Backprop support for lfilter #704

daniel-p-gonzalez · 2020-06-07T16:03:44Z

🚀 Feature

It is currently not possible to backpropagate gradients through an lfilter because of this inplace operation:
https://github.com/pytorch/audio/blob/master/torchaudio/functional.py#L661

Motivation

It's not worth the pytorch overhead to even use lfilter without backprop support (it's much faster when implemented using e.g. numba).
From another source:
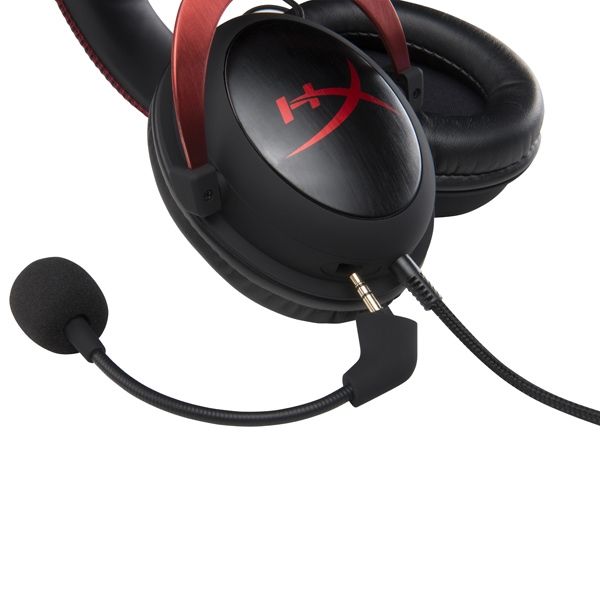 Проводные наушники Kingston HyperX Cloud II (пайка звуковой карты)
When I saw that this was implemented here, I was hoping to use it instead of my own implementation (which is implemented as a custom RNN) as it is honestly too slow.

Pitch

I would love to see that inplace operation replaced with something that would allow supporting backprop. I'm not sure what the most efficient way to do this is.

Alternatives

I implemented transposed direct form II digital filters as custom RNNs, but the performance is pretty poor (which seems to be a problem with the fuser). This is the simplest version I tried, which works, but as I said it's quite slow.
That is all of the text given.